▶ _Task data_:
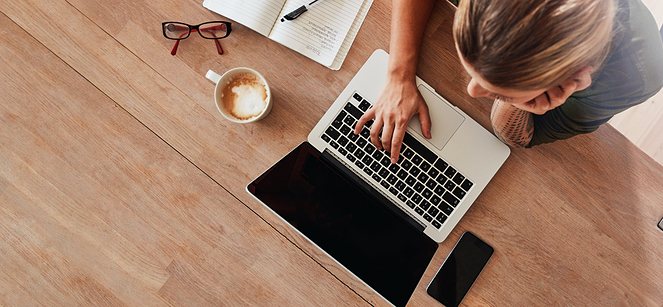 top aerial view of a woman using her laptop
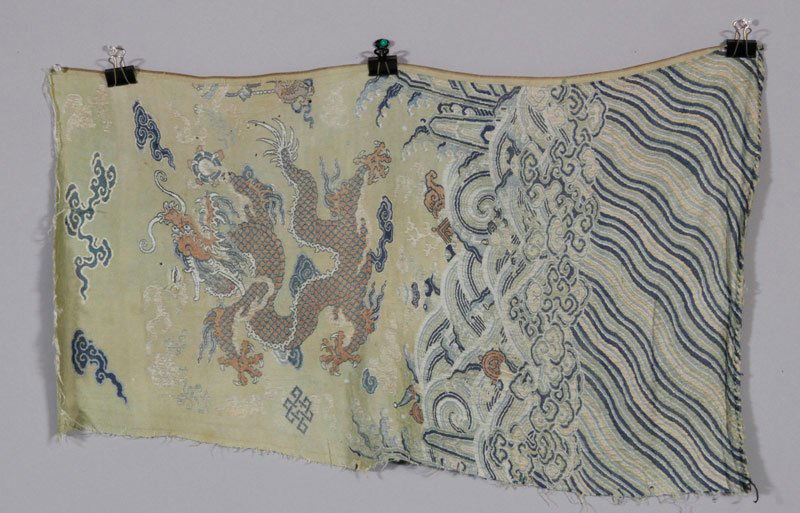 Chinese Dragon Robe Panel: Dragon robe panel, China, early Qianlong Period (1711-1799), from an imperial dragon robe made for the Qianlong Emperor, bright yellow in color with one five-clawed dragon chasing a flying pearl.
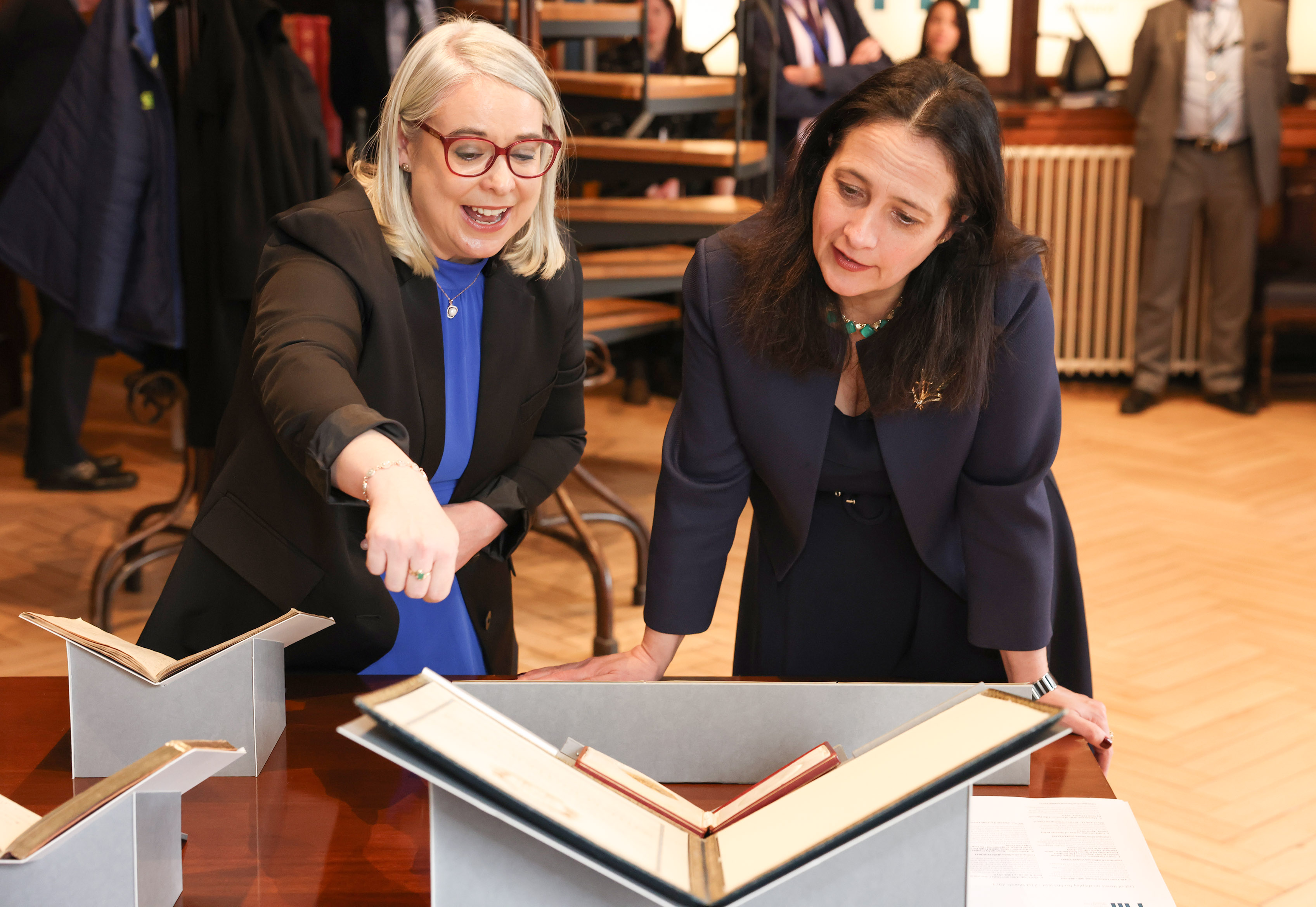 Dr Whitty and Minister Martin view and discuss the significance of the collection items on display.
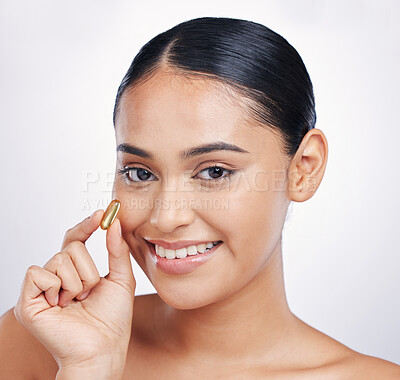 Buy stock photo Woman, beauty and omega in studio portrait for skincare, health or smile for glow, essential oil and white background. Girl, model or happy for supplement, beauty pills or pharma product for skincare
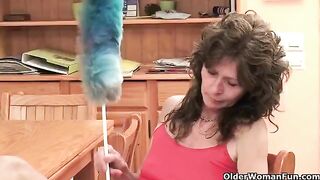 A mature woman plays with her pussy using a finger and a toy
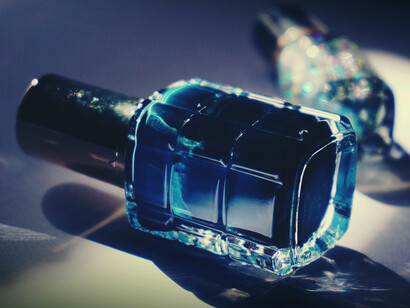 Nail polish bottle on a surface symbolize consumer behavior driven by emotional comfort, mood boosts, and trends in cosmetic sales
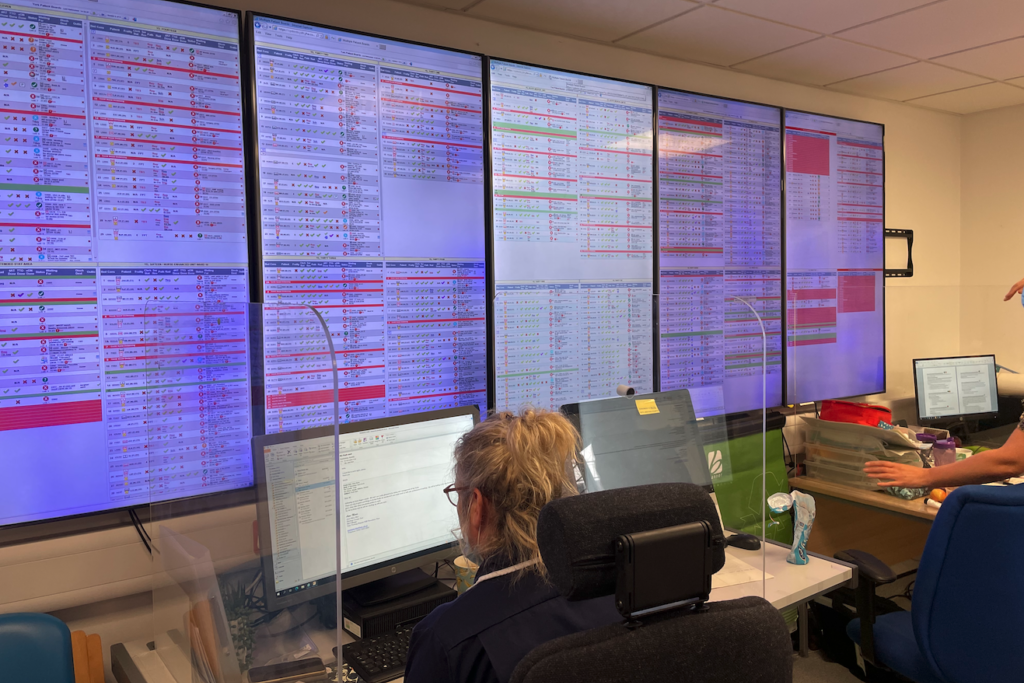 A close up of a control room that manages urgent referrals. Five large, vertical screens fill the image, and tables fill the screens with information colour coded in white, red and green. A staff member with glasses and blonde hair sits at their desk and faces the screens.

▶ _Problem to solve_: Your reply should consist of the data, transcribed exactly, and should hold no pictures.

▶ _Result below_:
 top aerial view of a woman using her laptop
 Chinese Dragon Robe Panel: Dragon robe panel, China, early Qianlong Period (1711-1799), from an imperial dragon robe made for the Qianlong Emperor, bright yellow in color with one five-clawed dragon chasing a flying pearl.
 Dr Whitty and Minister Martin view and discuss the significance of the collection items on display.
 Buy stock photo Woman, beauty and omega in studio portrait for skincare, health or smile for glow, essential oil and white background. Girl, model or happy for supplement, beauty pills or pharma product for skincare
 A mature woman plays with her pussy using a finger and a toy
 Nail polish bottle on a surface symbolize consumer behavior driven by emotional comfort, mood boosts, and trends in cosmetic sales
 A close up of a control room that manages urgent referrals. Five large, vertical screens fill the image, and tables fill the screens with information colour coded in white, red and green. A staff member with glasses and blonde hair sits at their desk and faces the screens.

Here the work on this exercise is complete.